It was one minute before seven on the evening of September 16, 1991, and the world of rock ‘n’ roll was about to change forever. The place was Seattle, Washington. The setting was a small record store in the University District named Beehive. (For years it had been called Peaches, but a recent lawsuit from a record chain in the South had forced a name change. Locals still called it Peaches). The band was a three-piece, and the lead singer had on a gray flannel shirt.

In an early draft of his song “Smells Like Teen Spirit,” Kurt Cobain had posed the question, “Who will be the king and the queen of the out-casted teens?”, and though he never sang the song with those lyrics, one can only wonder if they ran through his head that early autumn day at Beehive. The answer—being shouted back at the three-piece band by their screaming fans—was loud and clear. It was the name of the band; it was “Nirvana!”

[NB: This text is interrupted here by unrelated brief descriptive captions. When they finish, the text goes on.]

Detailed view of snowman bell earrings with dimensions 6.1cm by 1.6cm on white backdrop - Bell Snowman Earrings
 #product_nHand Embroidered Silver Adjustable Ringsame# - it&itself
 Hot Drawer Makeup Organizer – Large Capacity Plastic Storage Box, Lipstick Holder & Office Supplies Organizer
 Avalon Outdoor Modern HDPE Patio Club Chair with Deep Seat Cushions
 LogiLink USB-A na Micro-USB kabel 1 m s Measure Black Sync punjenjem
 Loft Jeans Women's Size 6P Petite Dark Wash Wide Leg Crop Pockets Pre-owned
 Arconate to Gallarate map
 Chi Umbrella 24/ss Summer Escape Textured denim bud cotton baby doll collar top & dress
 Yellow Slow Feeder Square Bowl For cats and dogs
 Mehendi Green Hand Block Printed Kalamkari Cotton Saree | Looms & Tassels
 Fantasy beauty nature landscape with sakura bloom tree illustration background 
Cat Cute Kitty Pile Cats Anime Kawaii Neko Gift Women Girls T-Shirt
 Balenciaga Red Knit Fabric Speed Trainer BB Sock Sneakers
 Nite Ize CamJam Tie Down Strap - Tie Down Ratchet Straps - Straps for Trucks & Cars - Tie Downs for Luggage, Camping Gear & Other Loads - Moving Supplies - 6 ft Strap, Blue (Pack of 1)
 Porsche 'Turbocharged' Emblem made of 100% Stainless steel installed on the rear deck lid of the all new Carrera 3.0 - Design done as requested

What had been planned as a low-key meet-and-greet at one of Seattle’s smaller record stores had turned into a crowd-control nightmare. An “in-store” is traditionally a small party put on by a record label to celebrate the release of a new album, and, in theory, it’s designed to boost sales by introducing the band to influential record-store buyers. In practice, store promotions are rarely more than opportunities for labels to butter up the bands on their roster, where the group’s friends have a chance to sample a free buffet of cheese and crackers paid for by the label. Even in the burgeoning Seattle scene of 1991, it was rare for any m-store to draw more than 100 fans. When the Red Hot Chili Peppers, at the time an up-and-coming national band with a huge following in the Northwest, did an in-store at Beehive, they drew 150 fans. And though the warning signs in the case of Nirvana had been visible for some time—within the underground post-punk world people had been talking about their upcoming major-label debut for months—no one could have predicted what happened on that September day and what would happen in the next six months.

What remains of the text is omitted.